The map most commonly used to demonstrate this magnitude of lateral offset is the basal Oil Creek sand distribution map. The zero edge of the basal Oil Creek sand provides the necessary piercing point to judge lateral offset along the WVF. However, the published basal Oil Creek map depicts the present-day distribution of the sand which is the result of cumulative movements since the deposition of the basal Oil Creek sand. Individual orogenic episodes must be sorted to determine what contribution possible strike-slip movements have made toward the present-day basal Oil Creek sand distribution.
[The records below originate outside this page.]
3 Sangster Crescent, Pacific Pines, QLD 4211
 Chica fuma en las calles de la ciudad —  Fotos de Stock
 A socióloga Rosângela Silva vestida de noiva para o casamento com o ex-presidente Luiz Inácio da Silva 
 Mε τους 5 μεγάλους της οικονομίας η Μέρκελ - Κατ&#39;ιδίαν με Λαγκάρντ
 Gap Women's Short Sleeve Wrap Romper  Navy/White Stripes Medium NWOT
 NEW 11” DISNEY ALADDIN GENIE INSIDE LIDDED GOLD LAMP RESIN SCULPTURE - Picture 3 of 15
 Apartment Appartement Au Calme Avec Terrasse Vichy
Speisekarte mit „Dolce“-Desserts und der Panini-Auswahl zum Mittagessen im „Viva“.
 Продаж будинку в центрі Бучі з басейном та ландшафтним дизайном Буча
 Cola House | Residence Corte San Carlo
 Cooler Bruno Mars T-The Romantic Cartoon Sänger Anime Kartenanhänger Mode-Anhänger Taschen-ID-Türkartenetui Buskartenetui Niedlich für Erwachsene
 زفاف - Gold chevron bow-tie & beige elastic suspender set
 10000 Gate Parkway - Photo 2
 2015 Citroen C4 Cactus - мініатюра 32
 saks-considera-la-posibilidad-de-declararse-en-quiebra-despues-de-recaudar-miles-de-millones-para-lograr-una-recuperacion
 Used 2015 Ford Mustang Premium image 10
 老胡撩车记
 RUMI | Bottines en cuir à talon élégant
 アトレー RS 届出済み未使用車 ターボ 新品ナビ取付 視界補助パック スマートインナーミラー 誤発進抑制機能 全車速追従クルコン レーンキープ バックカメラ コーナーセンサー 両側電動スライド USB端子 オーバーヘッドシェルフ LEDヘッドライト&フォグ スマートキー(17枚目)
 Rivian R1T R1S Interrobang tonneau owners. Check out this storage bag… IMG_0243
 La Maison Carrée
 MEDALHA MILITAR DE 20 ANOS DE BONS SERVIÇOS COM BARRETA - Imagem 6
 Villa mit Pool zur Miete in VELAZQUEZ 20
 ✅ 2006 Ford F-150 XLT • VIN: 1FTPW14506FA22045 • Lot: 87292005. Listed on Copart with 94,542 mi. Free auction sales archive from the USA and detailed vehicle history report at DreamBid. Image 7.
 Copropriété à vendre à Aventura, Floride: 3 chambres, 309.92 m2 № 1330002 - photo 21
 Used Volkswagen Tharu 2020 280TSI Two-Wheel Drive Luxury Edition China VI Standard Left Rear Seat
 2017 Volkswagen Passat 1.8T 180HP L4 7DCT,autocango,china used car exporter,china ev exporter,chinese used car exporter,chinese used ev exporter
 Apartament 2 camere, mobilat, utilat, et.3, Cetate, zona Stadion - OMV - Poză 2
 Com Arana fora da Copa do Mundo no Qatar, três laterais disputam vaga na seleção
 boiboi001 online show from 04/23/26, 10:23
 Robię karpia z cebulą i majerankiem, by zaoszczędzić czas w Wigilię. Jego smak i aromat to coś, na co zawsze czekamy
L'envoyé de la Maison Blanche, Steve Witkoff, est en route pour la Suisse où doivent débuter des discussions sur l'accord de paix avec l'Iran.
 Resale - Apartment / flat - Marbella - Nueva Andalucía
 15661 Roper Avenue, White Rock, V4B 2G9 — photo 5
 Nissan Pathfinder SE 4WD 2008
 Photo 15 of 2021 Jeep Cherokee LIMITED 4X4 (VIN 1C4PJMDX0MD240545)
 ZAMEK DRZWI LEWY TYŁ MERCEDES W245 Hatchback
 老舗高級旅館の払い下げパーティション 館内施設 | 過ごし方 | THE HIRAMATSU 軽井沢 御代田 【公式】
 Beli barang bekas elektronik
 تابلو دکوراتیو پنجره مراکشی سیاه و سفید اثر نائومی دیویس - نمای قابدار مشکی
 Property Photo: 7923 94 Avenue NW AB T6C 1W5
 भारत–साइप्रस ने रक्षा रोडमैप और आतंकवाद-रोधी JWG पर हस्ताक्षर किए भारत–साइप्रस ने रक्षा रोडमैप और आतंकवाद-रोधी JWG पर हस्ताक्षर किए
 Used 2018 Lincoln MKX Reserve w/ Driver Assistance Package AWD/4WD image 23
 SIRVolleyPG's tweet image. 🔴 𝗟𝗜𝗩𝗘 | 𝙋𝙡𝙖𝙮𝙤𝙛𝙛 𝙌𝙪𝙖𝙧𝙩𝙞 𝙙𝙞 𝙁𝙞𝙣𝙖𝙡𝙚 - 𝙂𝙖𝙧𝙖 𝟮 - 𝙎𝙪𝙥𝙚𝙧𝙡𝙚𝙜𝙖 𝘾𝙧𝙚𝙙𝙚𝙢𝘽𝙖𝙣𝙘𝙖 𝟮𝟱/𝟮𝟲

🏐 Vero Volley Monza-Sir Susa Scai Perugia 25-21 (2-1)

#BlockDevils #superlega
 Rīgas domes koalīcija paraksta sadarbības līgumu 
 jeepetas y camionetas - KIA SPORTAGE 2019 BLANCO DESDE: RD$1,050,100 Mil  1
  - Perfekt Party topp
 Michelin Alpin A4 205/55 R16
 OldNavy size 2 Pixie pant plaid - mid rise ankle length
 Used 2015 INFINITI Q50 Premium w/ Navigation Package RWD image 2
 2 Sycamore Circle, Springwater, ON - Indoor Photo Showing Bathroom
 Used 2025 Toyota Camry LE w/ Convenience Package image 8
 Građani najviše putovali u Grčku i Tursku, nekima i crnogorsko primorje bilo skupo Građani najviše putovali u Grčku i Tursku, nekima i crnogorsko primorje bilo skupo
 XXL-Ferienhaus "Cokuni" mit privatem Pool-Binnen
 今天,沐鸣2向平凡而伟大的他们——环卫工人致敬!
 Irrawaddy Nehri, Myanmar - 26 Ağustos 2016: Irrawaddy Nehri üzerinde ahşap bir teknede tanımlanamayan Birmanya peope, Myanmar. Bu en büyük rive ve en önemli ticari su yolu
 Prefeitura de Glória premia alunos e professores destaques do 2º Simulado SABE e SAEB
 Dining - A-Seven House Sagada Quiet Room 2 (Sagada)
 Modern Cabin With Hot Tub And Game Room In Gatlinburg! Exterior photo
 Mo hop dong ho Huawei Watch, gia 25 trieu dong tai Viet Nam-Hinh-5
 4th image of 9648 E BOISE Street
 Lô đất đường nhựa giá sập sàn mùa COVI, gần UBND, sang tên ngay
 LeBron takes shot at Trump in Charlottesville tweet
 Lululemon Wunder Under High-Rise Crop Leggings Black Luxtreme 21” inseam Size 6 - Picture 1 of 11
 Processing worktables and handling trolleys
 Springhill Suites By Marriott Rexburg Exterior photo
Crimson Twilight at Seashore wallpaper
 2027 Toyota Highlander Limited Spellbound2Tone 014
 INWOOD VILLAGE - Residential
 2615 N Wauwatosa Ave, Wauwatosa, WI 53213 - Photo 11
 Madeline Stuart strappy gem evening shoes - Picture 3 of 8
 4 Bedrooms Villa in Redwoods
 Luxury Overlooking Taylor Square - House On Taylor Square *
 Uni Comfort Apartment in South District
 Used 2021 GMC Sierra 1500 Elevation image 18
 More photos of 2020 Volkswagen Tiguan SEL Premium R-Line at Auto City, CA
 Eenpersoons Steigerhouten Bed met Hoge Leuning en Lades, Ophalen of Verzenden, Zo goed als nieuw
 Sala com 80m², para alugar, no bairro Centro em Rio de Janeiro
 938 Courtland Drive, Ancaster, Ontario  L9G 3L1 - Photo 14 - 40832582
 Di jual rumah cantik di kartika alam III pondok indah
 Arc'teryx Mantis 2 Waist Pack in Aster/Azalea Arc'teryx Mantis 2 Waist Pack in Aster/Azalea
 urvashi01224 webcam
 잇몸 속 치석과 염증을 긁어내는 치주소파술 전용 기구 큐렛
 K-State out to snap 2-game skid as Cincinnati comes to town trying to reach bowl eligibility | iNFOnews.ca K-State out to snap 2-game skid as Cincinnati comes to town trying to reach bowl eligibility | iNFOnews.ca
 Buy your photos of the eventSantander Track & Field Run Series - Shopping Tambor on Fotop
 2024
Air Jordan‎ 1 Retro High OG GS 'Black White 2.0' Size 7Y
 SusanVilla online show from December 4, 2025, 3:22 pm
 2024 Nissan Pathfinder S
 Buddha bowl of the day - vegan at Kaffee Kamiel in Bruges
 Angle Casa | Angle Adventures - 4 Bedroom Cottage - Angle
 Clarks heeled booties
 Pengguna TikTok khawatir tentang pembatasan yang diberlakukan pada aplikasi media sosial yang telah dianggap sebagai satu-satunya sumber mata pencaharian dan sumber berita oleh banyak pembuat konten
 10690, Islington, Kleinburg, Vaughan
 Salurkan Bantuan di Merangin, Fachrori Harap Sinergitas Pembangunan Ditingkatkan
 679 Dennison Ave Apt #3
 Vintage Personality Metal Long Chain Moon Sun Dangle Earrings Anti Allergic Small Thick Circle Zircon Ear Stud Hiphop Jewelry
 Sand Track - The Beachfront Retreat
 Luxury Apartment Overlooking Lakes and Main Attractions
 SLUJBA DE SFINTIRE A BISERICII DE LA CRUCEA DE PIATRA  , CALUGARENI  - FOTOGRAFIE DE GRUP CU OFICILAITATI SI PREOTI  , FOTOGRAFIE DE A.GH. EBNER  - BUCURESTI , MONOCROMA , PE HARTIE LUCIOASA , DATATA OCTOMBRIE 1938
To unravel these various orogenic episodes a palinspastic restoration must be made. In such a sequential restoration, the last movement should be restored first or the known movements restored first to determine the unknown movements. In this presentation, the observable folds along the WVF have been "unfolded" and the known reverse faults have been restored to a pre-fault position. When this has been accomplished the partly restored basal Oil Creek sand map may be used to determine the amount of lateral offset on the WVF.
The resulting restoration indicates that the commonly quoted figure of 40 mi (64 km) of lateral offset is too large. Surface and subsurface data demonstrate that the crustal shortening represented by folds and reverse faults alone can account for the present-day basal Oil Creek sand distribution and thus very little strike-slip movement is needed along the Washita Valley fault system.